In the years since its inception, NCOES for MI soldiers has been
drawn away from its earliest success. The MOI is no longer called
"MOI." The how to train soldiers aspect of NCOES now competes for
the NCO's attention with a directed list of topics (common leader
skills), MOS primary and intermediate technical skills and, in some
cases, former additional-skill-indicator courseware. NCOs sometimes
leave BNCOC and the Advanced NCO Course (ANCOC) having lost sight
of their basic NCO responsibility to pass on their knowledge to be,
know, do as a trainer. Many NCOs never achieve the expertise to
effectively train and sustain Proficiency in the soldiers that
attend their in-unit training. The locally focused, or prioritized
training efforts conducted by these less-than-proficient NCOs can
wind up institutionalized. With all the inherent conflicting
demands in every unit, the common result is soldiers with less than
proficient skills in those tasks necessary to effectively,
optimally achieve the intelligence mission.
There are many effective trainer programs in use in the Army today.

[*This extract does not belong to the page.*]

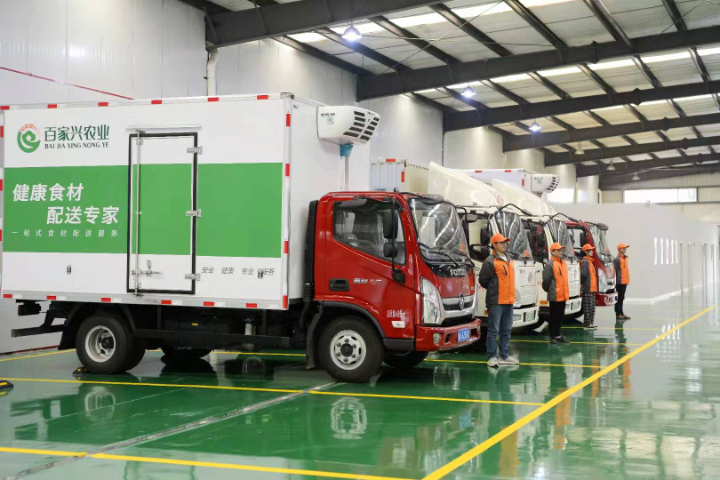 成都食材冷庫設(shè)計(jì) 真誠推薦 成都百年冷凍工程設(shè)備供應(yīng)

The cryptologic community has the Adjunct Faculty program. The
Defense Language Institute has military language instructors who
actually conduct foreign language training in the initial early
training environment. These programs have similar qualities of
remarkable expertise in specific subject areas. Each of them
require the trainer to personally attain, sustain, and then
transfer to their students a requisite level of proficiency.
TRADOC has its own courses designed to bring an NCO to the level of
expertise necessary for platform training. This course culminates
in the award of skill qualification identifier H. The processes,
training skills and results of these programs can serve as examples
for NCOs conducting in-unit training.
The primary role of the NCO as the Army's trainer needs reemphasis
at every level of NCOES. The concept of using NCOES as the place to
Train the Trainers and expand technical MI MOS skills needs
dusting off. We cannot lose sight of our training roles. When the
NCOES sequence begins in the PLDC (grade E-4 promotable), we want
the result to be an initially proficient trainer. Reemphasize MOI.
Teach the facts and skills by teaching the PLDC student how to
teach others to the basic competency level.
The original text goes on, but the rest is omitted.